# designed for smallmouth bass



## pizza (Apr 4, 2008)

Haven't fished it yet but I will be looking to upsize as soon as I see how it swims. My only design requirement for smallie cranks is that they have only 1 hook hanger.


----------



## Danshady (Dec 14, 2006)

now that is a nice looking bait pizza...im sure if it runs right, you will get some fish for that "interent tourny" on that beauty! how come you dont want a tail hook though?? and i really like the colors of the bait too


----------



## pizza (Apr 4, 2008)

the reason I don't want a tail hook is so that less harm is done to the smallies. Sometimes two trebles can wreak havoc. Like when the tail hook gets caught in the smallies side. Or when both hooks are hooked and pulled taught. By having one hook the bait will be easier to remove "in general". Glad you like it, thanks!


----------



## jerkin (Apr 3, 2008)

Nice lure, love the foil job. My hat is off to you guys that make the small lures, I tried a few for walleye and about pulled my hair out. I like to be able to see what I'm working on! I know what you mean about the hooks also. I build all my musky lure with 2 hooks for the same reason. I usually remove the middle hook from most of the store bought ones I have also.


----------



## pizza (Apr 4, 2008)

here's a better picture.....outfitted with an owner stinger #6 . If that doesn't suffice, I've got 4's. The top is Testors Royal Blue Pearl and the bottom is Tamiya Bright Orange. I tried to do scales on the top but I used too much paint (like usual).


----------



## fishingredhawk (Apr 14, 2004)

Nice looking bait. I'll try some of these out for you in the tournaments if you want


----------



## etch (Oct 13, 2007)

very nice bait, you arent worried about losing a fish on a short strike with one hook? not a bass guy so, i have to ask

Etch


----------



## pizza (Apr 4, 2008)

we'll see how it goes.
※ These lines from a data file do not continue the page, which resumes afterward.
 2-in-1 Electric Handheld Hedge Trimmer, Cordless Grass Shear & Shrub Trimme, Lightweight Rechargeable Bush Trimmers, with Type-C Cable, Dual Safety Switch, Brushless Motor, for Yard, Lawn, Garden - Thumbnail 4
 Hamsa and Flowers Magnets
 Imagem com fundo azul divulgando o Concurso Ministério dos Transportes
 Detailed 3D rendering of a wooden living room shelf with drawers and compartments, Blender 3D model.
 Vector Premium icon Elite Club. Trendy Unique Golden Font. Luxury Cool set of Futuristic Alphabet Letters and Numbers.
I'd like to upsize it and use a single #4 hook, maybe even #2. But on my smallest crank the action was dead with a #8 hook(I also didn't use any ballast on it, this has a single spit shot up front). I changed it to a #6 and cut down the lip and it swims/wobbles much better now(but still not as good as a bitsy minnow or mini fat rap). I'm targetting larger fish and think a single #4 or #2 will work fine -quite possibly even better than 2, #6s. Really I'm just trending in the direction of a large single hook, like those on jigs and spinnerbaits, which due to the larger hook/gap size, do better on hook up &#37;'s with the larger fish. If the smaller ones get free easier due to the use of only one larger hook, good for them. Not saying this is better than two hooks, just playing around. Its kind of a challenge to see if I can get good action (think bendy pencil trick when viewed from above and not a simple binary back and forth "X" motion)with larger baits and one hook since I don't have the weight of the rear hook to "help" with the wiggle/wobble as well as better balance the lure. 
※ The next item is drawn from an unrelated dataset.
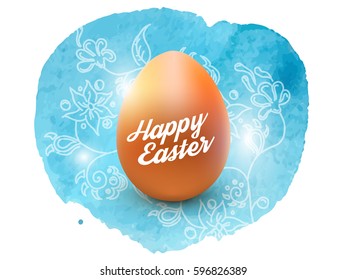  Easter egg with watercolor and pattern, isolated on white. Poster or brochure template. Vector illustration EPS 10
I'd be honored if you field tested them Mike, I'd love to see you catch a hawg with one and get your feedback.


----------



## Big Joshy (Apr 26, 2004)

I fished with a well known guide at lake fork in texas years ago and he would upsize the front treble and remove the rear treble on all his stubby shallow cranks. They snag less and hook more fish solidly.


----------



## flyman (Aug 9, 2007)

you know pizza u have dove the right thing. one not only is easier on fish, the crank itself is gonna work nicer w/one hook, more tail movement. when i rig my tiny cranks i remove small trebles they come with and put a bigger one on belly, works wonders. now if u want ur crank to float is another story


----------



## whittler (Feb 10, 2008)

Pizza, great baits there, blue has been good for me this year. Smallies will love em.

On the hooks a single hook on the belly will work fine. With Rattletrap type baits (1/2oz & 3/4oz) I always remove the rear treble and replace the belly hook with a single 1/0 Owner.


----------